Browser Automation

Your personal assistant can browse the web. Kraken includes a headless Chromium browser as a built-in tool, enabling web research, data extraction, form filling, and screenshot capture — all from within a conversation.

Architecture

Kraken API  ──(Playwright CDP)──>  Browserless (Chromium)

The browser runs as a separate Docker container (Browserless), managed by Docker Compose. Kraken connects via the Chrome DevTools Protocol (CDP) using Playwright.

Configuration

# Browser connection
BROWSER_WS_ENDPOINT=ws://browserless:3000   # WebSocket endpoint for CDP

# Security
KRAKEN_BROWSER_BLOCKED_HOSTS=               # Additional hosts to block (comma-separated)

The browser container is included in the default docker-compose.yml:

browserless:
  image: ghcr.io/browserless/chromium:latest
  restart: unless-stopped
  environment:
    - MAX_CONCURRENT_SESSIONS=5
    - CONNECTION_TIMEOUT=120000

What the Agent Can Do

When the browser tool is available, the agent can:

Action Description
Navigate Go to any public URL
Extract text Get the text content of a page or specific element
Screenshot Capture full-page or element screenshots
Click Click buttons, links, or any element by selector
Fill forms Type into input fields, select dropdowns
Wait Wait for elements to appear before interacting
Execute JS Run JavaScript in the page context

Example conversation

You: Find the latest release of Node.js and tell me what's new.

Kraken: I'll check the Node.js releases page.

[Agent uses browser: navigates to nodejs.org/en/blog, extracts latest release post]

The latest Node.js release is v22.15.0 (LTS). Key changes include...

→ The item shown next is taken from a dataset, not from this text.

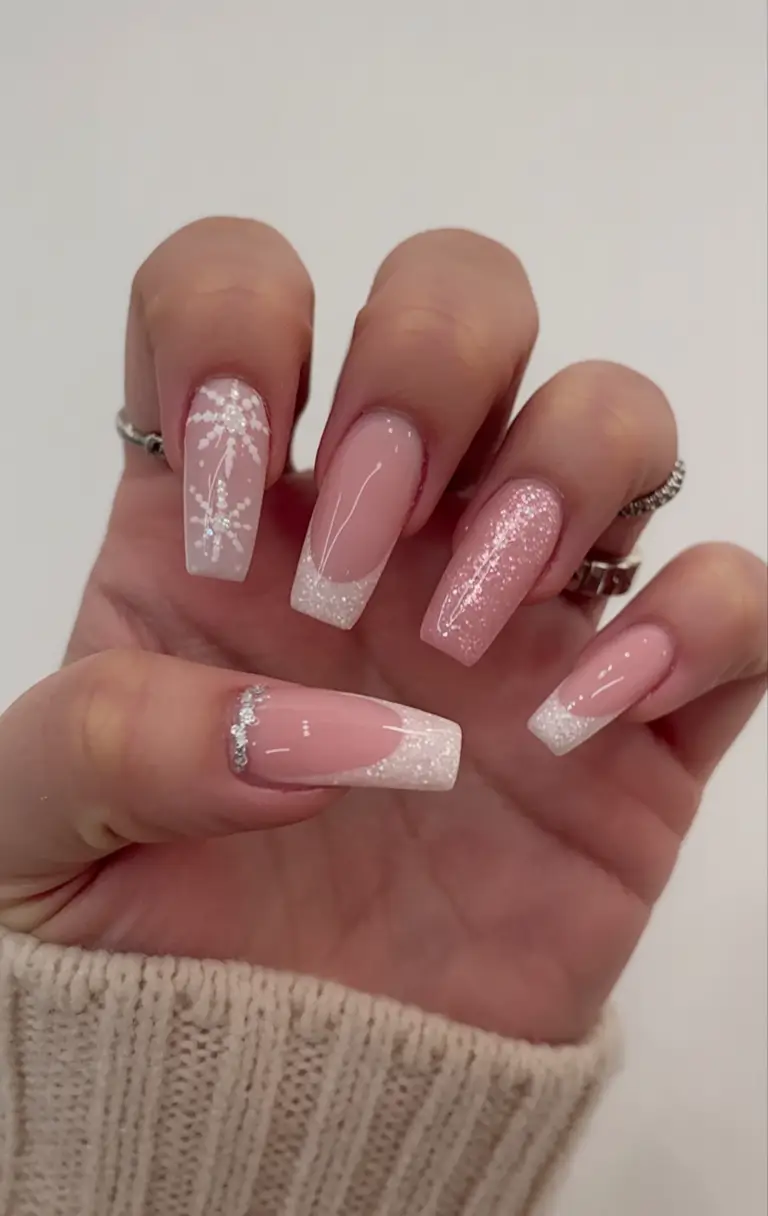 coffin nails and color ideas winter 2025 2026 Frosted French Whisper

The agent decides when to use the browser based on the query. You don't need to explicitly ask it to "use the browser" — if web information is needed, it will browse.


SSRF Protection

Kraken blocks requests to internal/private IP ranges by default. The browser cannot navigate to:

  • 127.0.0.0/8 (localhost)
  • 10.0.0.0/8 (private class A)
  • 172.16.0.0/12 (private class B)
  • 192.168.0.0/16 (private class C)
  • 169.254.0.0/16 (link-local)
  • ::1 (IPv6 loopback)
  • fc00::/7 (IPv6 unique local)

This prevents the agent from being used to probe internal services.

Additional blocked hosts

You can block additional domains via KRAKEN_BROWSER_BLOCKED_HOSTS:

KRAKEN_BROWSER_BLOCKED_HOSTS=internal.company.com,admin.local

Using Browser via the API

You don't call browser actions directly — the agent uses the browser tool autonomously when needed during chat. However, you can guide it:

# Research task — agent will use browser if needed
response = client.chat(
    "Go to https://news.ycombinator.com and summarize the top 5 stories",
    session_key="research",
)
print(response.content)

# Screenshot request
response = client.chat(
    "Take a screenshot of https://example.com",
    session_key="screenshots",
)
# The screenshot is captured and described in the response

Tool calls in response

When the agent uses the browser, you'll see it reflected in tool_calls:

response = client.chat("Check the weather on weather.gov")
for tool_call in response.tool_calls:
    print(f"Tool: {tool_call.name}")
    print(f"Args: {tool_call.arguments}")

Limitations

  • No persistent browser state — Each browser action starts with a clean session. No cookies or login state persists between conversations.
  • Public URLs only — SSRF protection blocks private/internal addresses.
  • Timeout — Browser actions time out after 120 seconds (configurable via CONNECTION_TIMEOUT on the Browserless container).
  • No file downloads — The browser can view pages and extract content but doesn't download files to disk.
  • JavaScript-heavy pages — Pages that require complex JS interaction may need explicit wait/click instructions.

Disabling the Browser

If you don't need browser capabilities:

  1. Remove the browserless service from docker-compose.yml
  2. Unset BROWSER_WS_ENDPOINT in your .env

The agent will gracefully degrade — it won't attempt browser actions if no endpoint is configured.